Build your Brain by Playing Chess

Lifestyle
For multiple world champion Vladimir Kramnik, "the brain is a muscle and chess is its fitness!"

Claiming concentration, logic and memorisation, the game of chess is considered as a cerebral sport. A winning strategy for seniors, in particular.

“The brain is a muscle and failure is its fitness!” The multiple world champion Vladimir Kramnik summed up his favourite game in the Swiss magazine Le Temps. “The game of chess helps to develop logical and coherent thought, promotes the ability to project into the future, to see in space, to develop a strategy, to devise a tactic”. And what’s more, it’s fun!

Considered a brain sport, chess does not require an athlete’s physical condition. It is an intergenerational practice that can be started from childhood or soon after. It is never too late to learn and discover, around a square of 64 black and white boxes, a universe where imagination and creativity allow you to anticipate your moves and implement your strategy.

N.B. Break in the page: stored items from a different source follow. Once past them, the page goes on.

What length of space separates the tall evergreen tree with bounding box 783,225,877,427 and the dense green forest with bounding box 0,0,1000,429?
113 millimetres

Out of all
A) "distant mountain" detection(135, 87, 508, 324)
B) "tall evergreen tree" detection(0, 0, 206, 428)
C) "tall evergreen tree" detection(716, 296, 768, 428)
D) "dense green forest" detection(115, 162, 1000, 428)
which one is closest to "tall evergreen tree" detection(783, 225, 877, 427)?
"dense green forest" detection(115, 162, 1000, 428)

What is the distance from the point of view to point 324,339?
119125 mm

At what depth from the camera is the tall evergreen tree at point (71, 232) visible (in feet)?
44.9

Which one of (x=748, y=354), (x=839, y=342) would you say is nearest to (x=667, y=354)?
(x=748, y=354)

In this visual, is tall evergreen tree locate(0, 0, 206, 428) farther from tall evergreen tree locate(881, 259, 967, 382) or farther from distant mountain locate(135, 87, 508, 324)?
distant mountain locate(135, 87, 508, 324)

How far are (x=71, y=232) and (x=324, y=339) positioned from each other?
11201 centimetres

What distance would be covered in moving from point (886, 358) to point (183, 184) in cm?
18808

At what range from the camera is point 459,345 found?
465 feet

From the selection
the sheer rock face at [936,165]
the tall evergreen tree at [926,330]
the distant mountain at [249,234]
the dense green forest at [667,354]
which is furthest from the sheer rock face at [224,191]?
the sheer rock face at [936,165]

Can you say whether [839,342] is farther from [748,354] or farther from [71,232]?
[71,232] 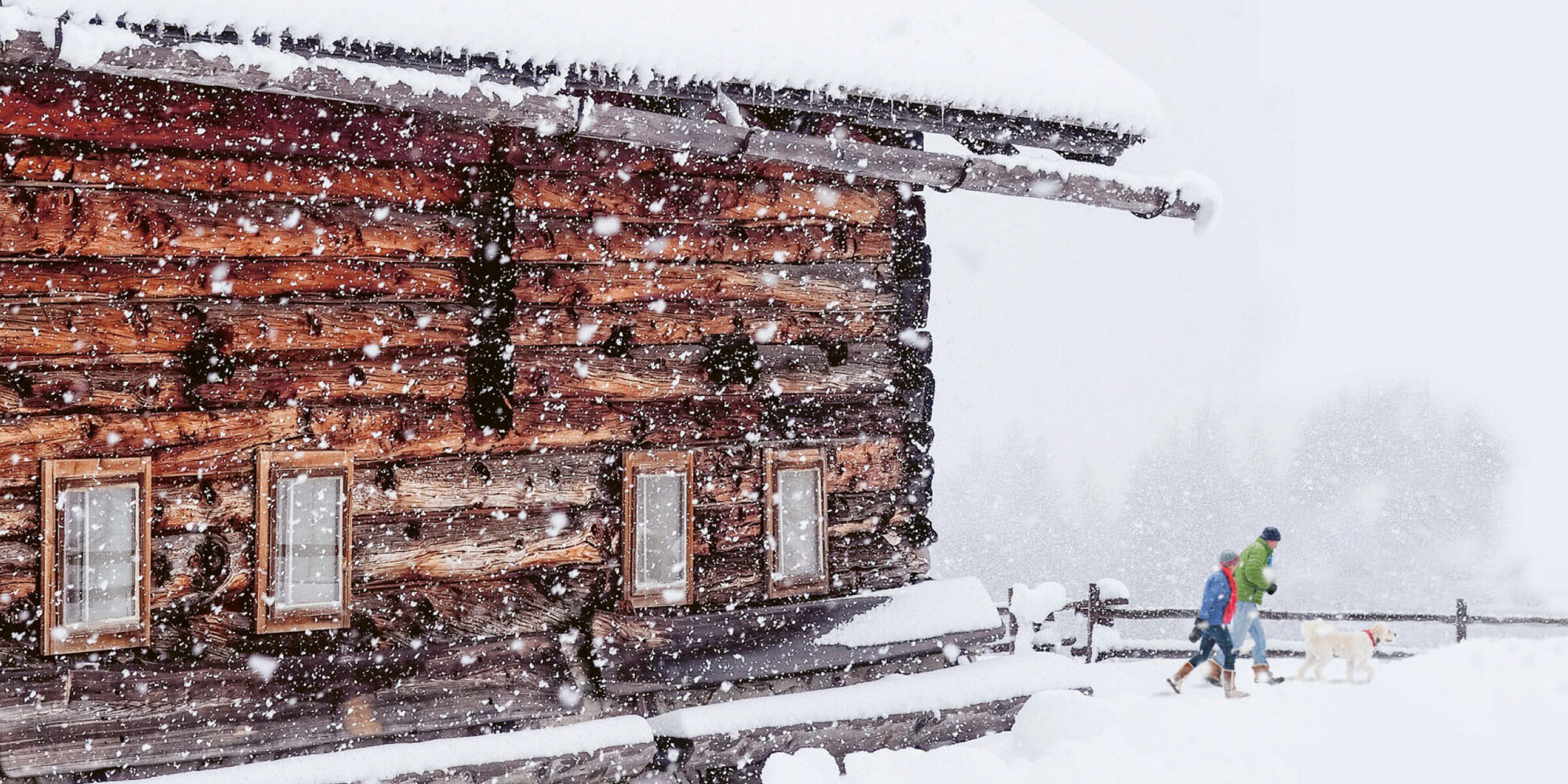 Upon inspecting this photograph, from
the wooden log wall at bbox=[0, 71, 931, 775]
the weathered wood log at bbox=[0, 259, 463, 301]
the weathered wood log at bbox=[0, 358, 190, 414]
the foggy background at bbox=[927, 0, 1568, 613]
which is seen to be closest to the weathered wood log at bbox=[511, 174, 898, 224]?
the wooden log wall at bbox=[0, 71, 931, 775]

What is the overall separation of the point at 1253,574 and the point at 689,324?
5.57 metres

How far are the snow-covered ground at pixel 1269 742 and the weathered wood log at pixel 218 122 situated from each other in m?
3.55

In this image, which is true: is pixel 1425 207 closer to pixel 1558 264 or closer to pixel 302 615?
pixel 1558 264

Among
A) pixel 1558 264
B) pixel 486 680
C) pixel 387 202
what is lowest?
pixel 486 680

“There are more adventures on a chessboard than on all the seas of the world”, assures Gérard Depardieu who interprets a chess trainer in the film Fahim, recently released on screens, retracing the journey of a young Bangladeshi immigrant who obtained asylum in France thanks to his victory at the world championships of under 12 years old.

Maintain a quick wit

Beyond the pleasure of the game, chess creates social ties, maintains the joy of living, and strengthens self-esteem. They constitute an effective tool for the prevention of Alzheimer's disease.
Beyond the pleasure of the game, chess creates social ties, maintains the joy of living, and strengthens self-esteem. They constitute an effective tool for the prevention of Alzheimer’s disease. (© Photographee.eu – stock.adobe.com)

This invitation to travel also appeals to seniors who take advantage of its many benefits for cognitive health. “The game of chess constitutes an excellent means to maintain its liveliness of spirit”, confirms Guy Bellaïche, doctor engaged with the French Chess Federation , which adds:

“The player has to cultivate many qualities such as patience, memorisation, logic, concentration and serenity ”.

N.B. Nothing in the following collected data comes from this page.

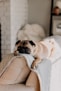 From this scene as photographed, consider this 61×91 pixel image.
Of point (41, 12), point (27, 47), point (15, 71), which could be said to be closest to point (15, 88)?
point (15, 71)

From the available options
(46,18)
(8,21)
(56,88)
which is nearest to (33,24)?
(46,18)

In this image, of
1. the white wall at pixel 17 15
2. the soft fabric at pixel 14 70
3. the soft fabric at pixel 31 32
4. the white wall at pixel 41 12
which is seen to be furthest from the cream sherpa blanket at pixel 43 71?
the white wall at pixel 41 12

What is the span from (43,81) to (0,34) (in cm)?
290

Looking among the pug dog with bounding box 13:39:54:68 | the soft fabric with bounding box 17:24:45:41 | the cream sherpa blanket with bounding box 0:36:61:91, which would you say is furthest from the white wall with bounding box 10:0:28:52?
the cream sherpa blanket with bounding box 0:36:61:91

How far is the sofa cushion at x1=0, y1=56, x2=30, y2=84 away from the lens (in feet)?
4.50

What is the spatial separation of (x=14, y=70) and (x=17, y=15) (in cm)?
315

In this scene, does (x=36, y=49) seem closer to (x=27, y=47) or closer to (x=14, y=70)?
(x=27, y=47)

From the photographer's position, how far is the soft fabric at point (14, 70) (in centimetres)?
137

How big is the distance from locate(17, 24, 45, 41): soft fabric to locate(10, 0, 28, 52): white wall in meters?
0.13

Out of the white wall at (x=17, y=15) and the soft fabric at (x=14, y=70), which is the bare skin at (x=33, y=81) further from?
the white wall at (x=17, y=15)

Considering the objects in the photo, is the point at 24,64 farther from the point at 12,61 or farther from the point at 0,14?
the point at 0,14

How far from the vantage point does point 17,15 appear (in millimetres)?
4402

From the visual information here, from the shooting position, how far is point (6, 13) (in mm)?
4090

Beyond the pleasure of the game, chess creates social ties, maintains the joy of living, and strengthens self-esteem. They constitute an effective tool for the prevention of Alzheimer’s disease. All the more reason to push your pawns onto the chessboard and inflict checkmate on your opponent!

You will easily find a club near you, France has almost a thousand. It is also possible to learn and play on the internet.